→ **Your goal**: All the lines below need retyping exactly, apart from the images.

→ **Exercise data**:
----

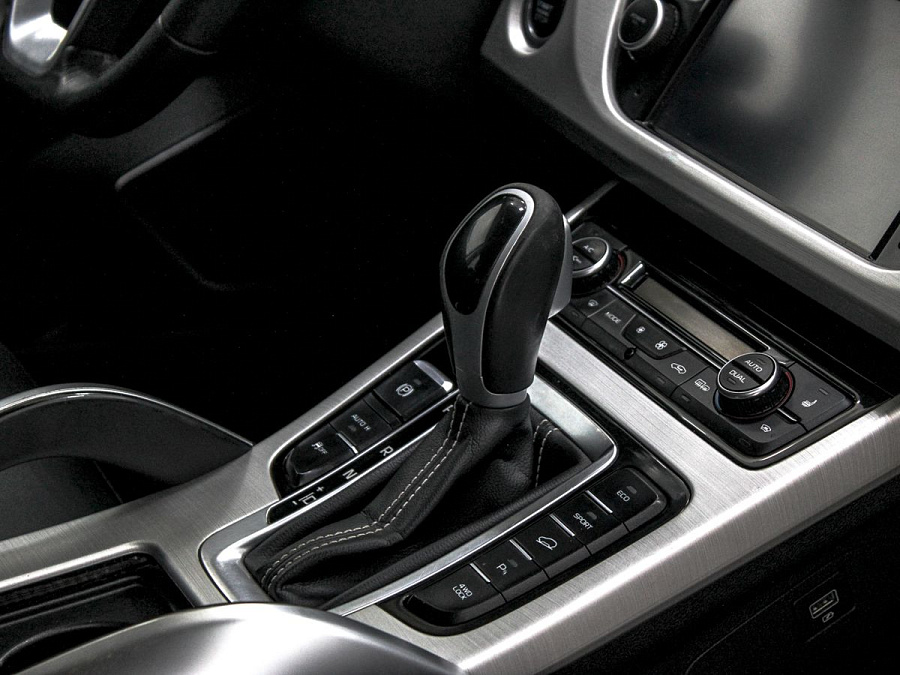 Geely Atlas, 2021г., передний привод, автомат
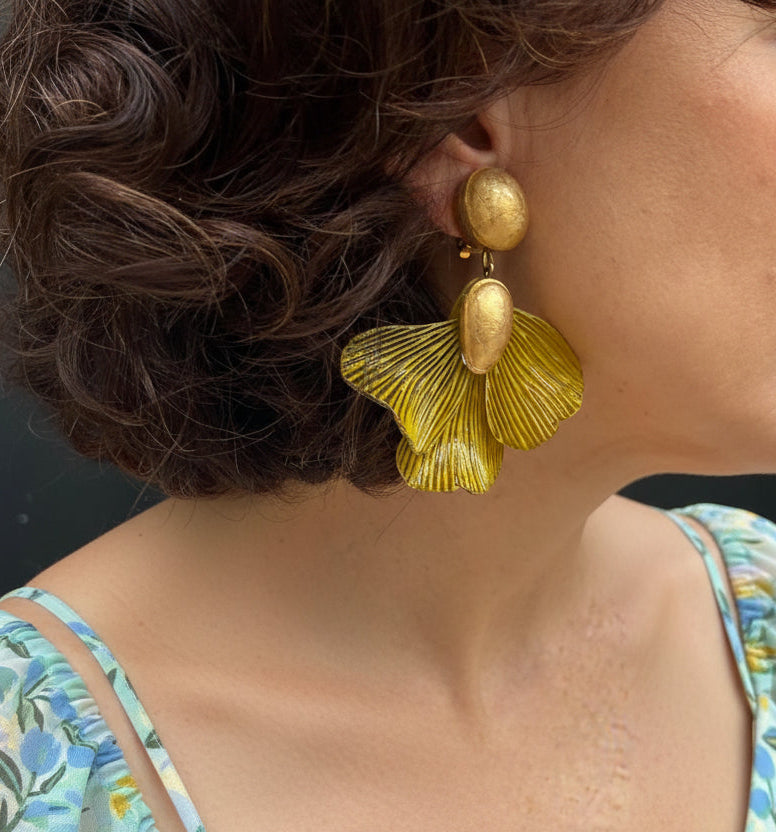 Pendientes alma de resina color oliva y oro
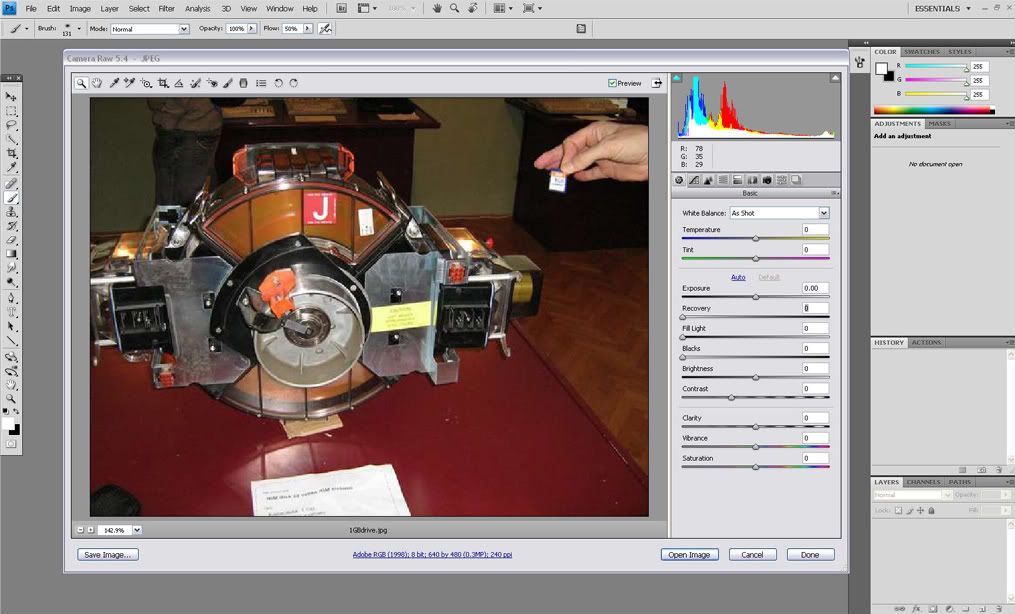 IMAGE: http://i27.photobucket.com/albums/c198/wolfpack94/jpg-raw.jpg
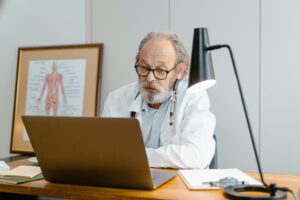 A telemedicina no acesso a especialidades médicas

----

→ **Your response**:
 Geely Atlas, 2021г., передний привод, автомат
 Pendientes alma de resina color oliva y oro
 IMAGE: http://i27.photobucket.com/albums/c198/wolfpack94/jpg-raw.jpg
 A telemedicina no acesso a especialidades médicas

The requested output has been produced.